I've been thinking about wise, I prefer skillful, speech over the last few weeks. I see the benefit and even the necessity to speak with compassion and awareness, but I've often seen how much damage and suffering can arise not from wise speech, but from fluffy speech. By that I mean speech that only vaguely deals with what the speaker really wants to say. It is speech so soft and fluffy as to be, at least sometimes, useless and at worst damaging.
As I've reflected on this, it can be a real issue with "educated" and "progressive" people. The have both a large vocabulary and a sense of what is "correct." This causes suffering for the people who are trying so hard to be kind and for those they communicate with as they try to understand what they are hearing and what they feel about what they may be experiencing under the words.
"Taking care" of other people under the label of wise or skillful speech, is a type of co-dependency that assumes people are too weak for clarity. It also allows the speaker to be unconscious of their lack of clarity, while being "compassionate."

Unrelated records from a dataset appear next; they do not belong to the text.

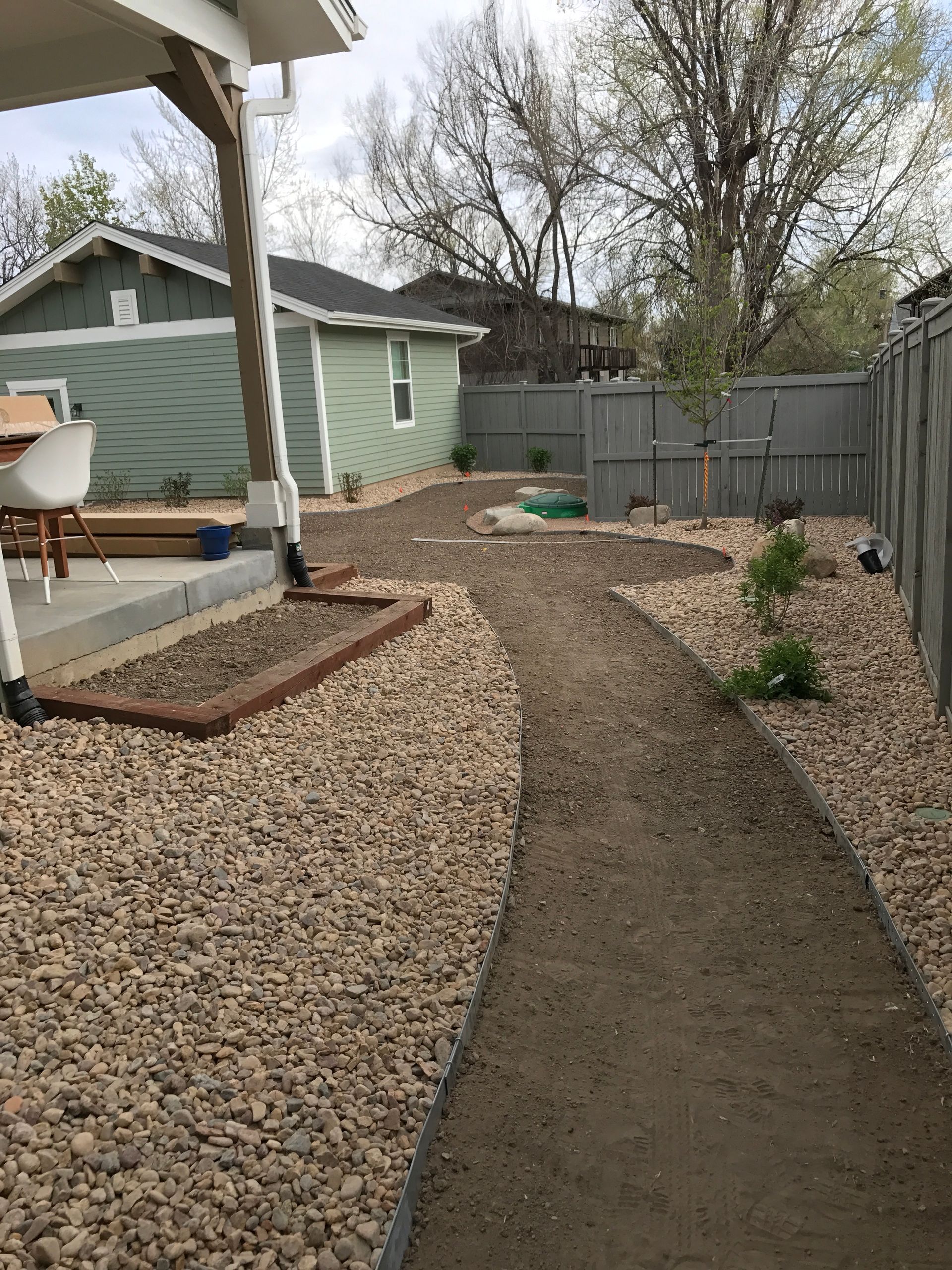 Backyard with gravel path leading to a green building and fence. Brown gravel surrounds the path.
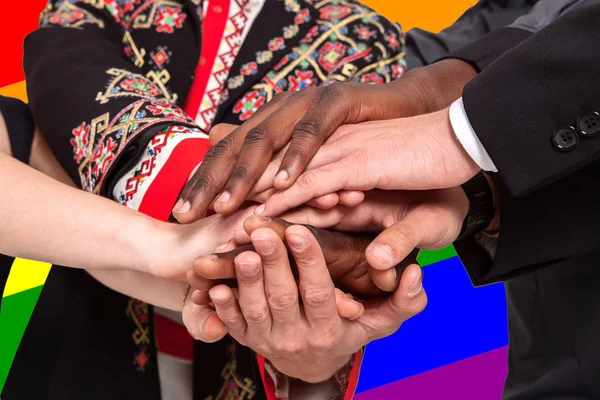 Menschen unterschiedlicher Nationalitäten halten sich vor dem Hintergrund der lgbt-Flagge die Hand — Stockfoto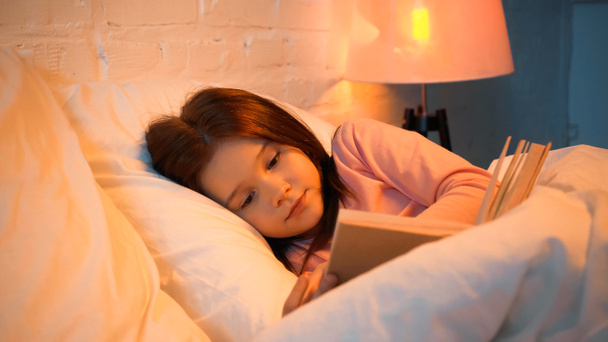 Παιδί ανάγνωση βιβλίο κοντά θολή κουβέρτα στο κρεβάτι  - Φωτογραφία, εικόνα
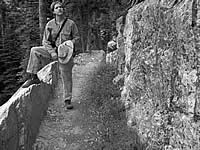 A black and white photo of part of the trail with rock on the right and a person holding a hat and propping their foot on the ledge on the left. 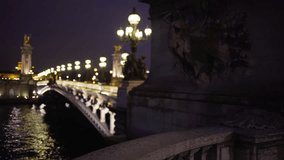 Romantic night scene of Alexandre III bridge across the Seine River in Paris. Blurred light posts and sculptures on famous French bridge at night in Paris France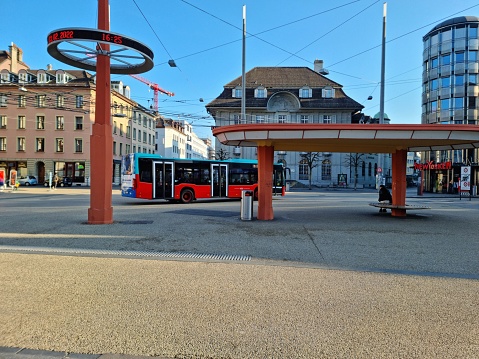Biel / Bienne with the Zentralplatz (place centrale). The image shows the city square with a bus stop building during late afternoon.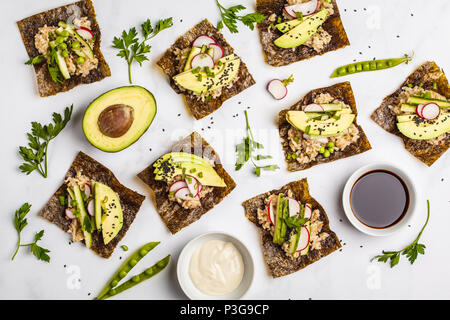 Brauner Reis, Avocado, Erbsen nori Wraps mit Sojasauce und tahini Dressing auf weißem Marmor Hintergrund, Ansicht von oben Stockfoto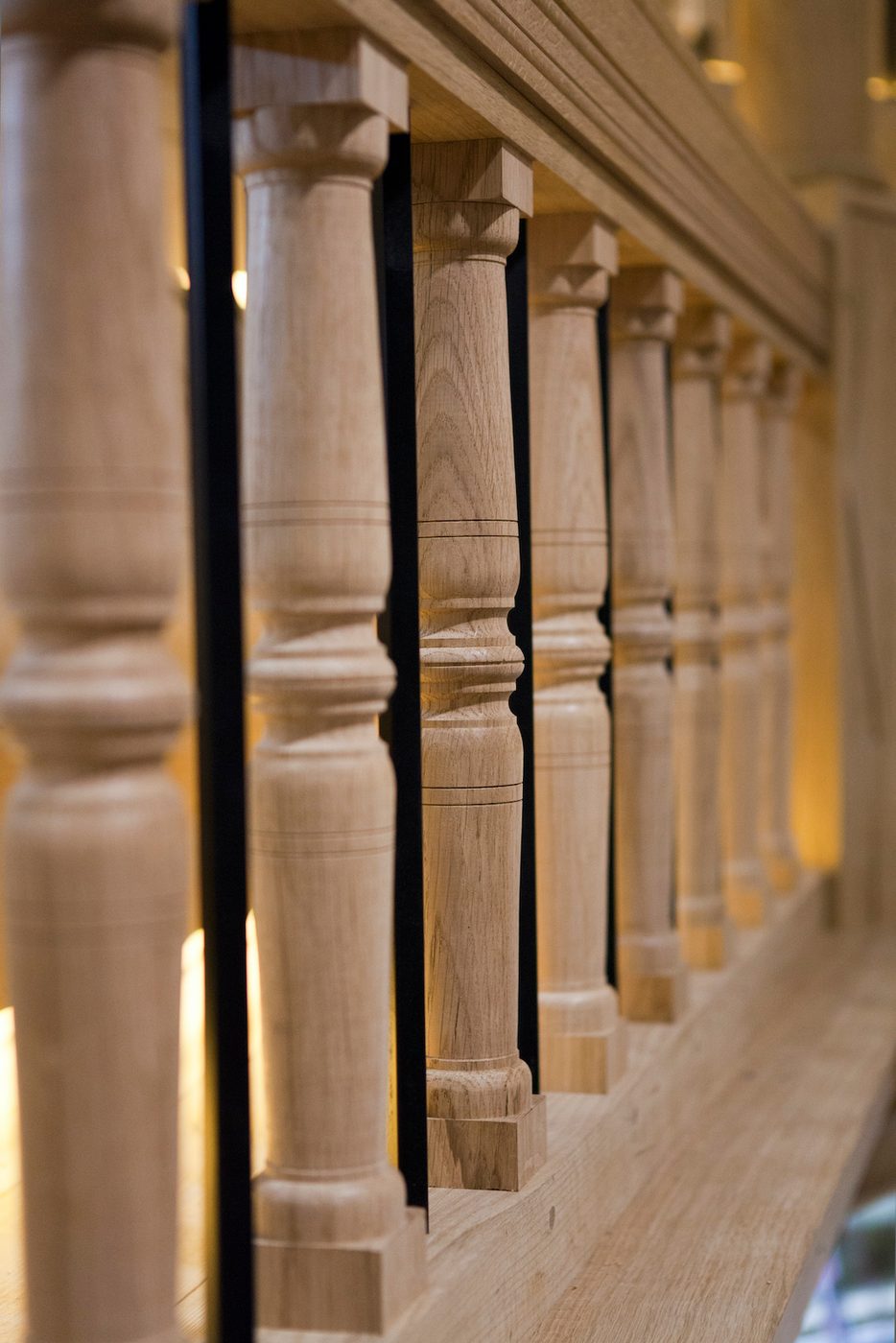 A close up of the wooden bars that line a gallery of a stage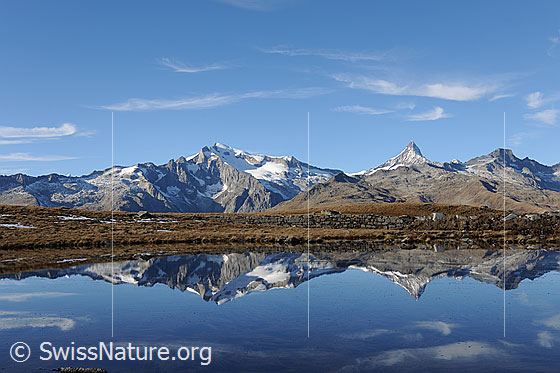 Foto: Spiegelung der Berner Alpen in Bergsee. Am Himmel sind ein paar Schleierwolken zu sehen.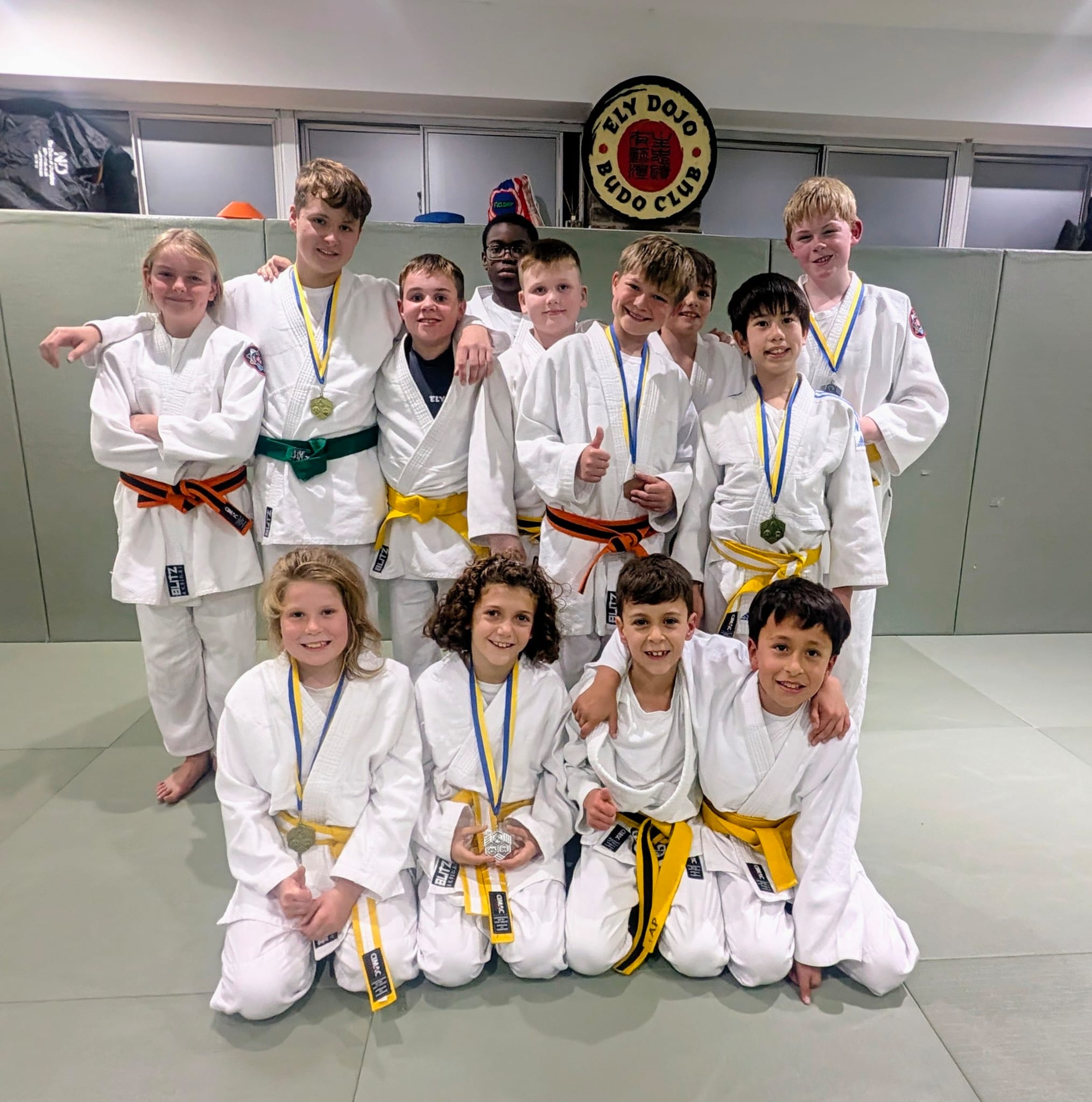 A group of Ely Dojo junior members smiling together with medals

I've had an opportunity to see the difficulty that arises when speech is unclear. Some of that lack of clarity arose from genuine confusion, some arose from an effort to maintain relationship, but all of it served confusion. One of the many benefits of this path is the goal to be clear. Fluffy speech is not kind, it is confusing.
I am willing to restate or even apologize for inelegant words, but I have faith in my heart, a growing faith in the skillfulness of my words as I grow in my Buddhist practice, and faith in the beings I interact with. I offer my best effort to be both kind and clear to all sentient beings.